Friday, 1 March 2013

Teisen Radell

A Happy Saint David's day to all.

It's the first day of March and Welsh people all over the world are celebrating St David's Day, this may well be a rather uproariuos affair, it might on the other hand only involve tucking into a simple but delicious dish, Welsh cakes. Depending on what part of Wales you come from, these little cakes cooked on a griddle have different names, in my family they are known as Teisen Radell, teisen being the word for cake and radell being the word for the heavy flat cast iron griddle on which they are cooked.

For my recipe you will need,
160g of Self Raising Flour + 1 teaspoon of baking powder
50g of unsalted butter and more to spread on top
70g of currants (I used dried blueberries)
40g of caster sugar
1/4 teaspoon of mixed spice
Milk at least 2 tablespoons, possibly a little more.
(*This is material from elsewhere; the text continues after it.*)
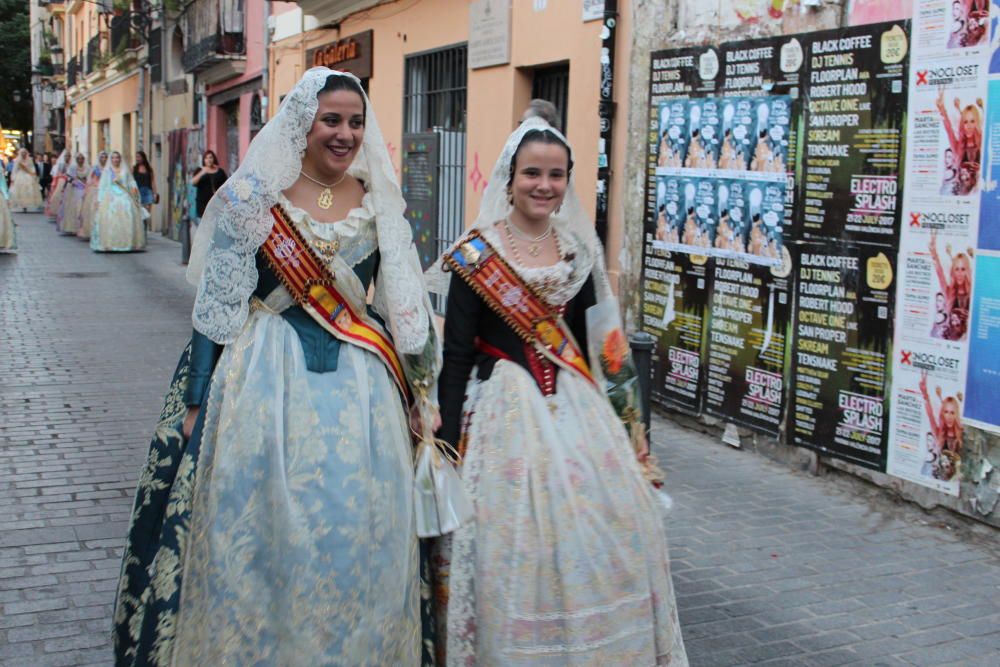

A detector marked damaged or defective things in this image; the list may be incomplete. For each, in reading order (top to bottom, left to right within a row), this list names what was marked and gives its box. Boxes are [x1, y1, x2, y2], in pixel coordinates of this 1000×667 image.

peeling paint wall [624, 0, 1000, 532]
Begin by rubbing the chilled butter into the flour, baking powder, spice and sugar, if you do this in the food processor as I do, pulse only until the butter is reduced to pea size pieces. Add the dried fruit and sufficient milk to bring together into a soft dough. Add a tablespoon of milk at a time so as not to make the mixture too soft.
Roll out the dough on a well floured surface and cut out circles. The mixture can be brought together to roll out a second and third time, but try to avoid over working the dough.
Heat up either a heavy flat cast iron griddle or heavy based frying pan on a low heat and cook each cake for a couple of minutes each side until golden brown. Some people advocate dusting with sugar, we never did in my family, but being dairy farmers, we did spread a small amount of butter on each one. They can be eaten cold within a few hours of cooking but are at their best when served hot from the griddle.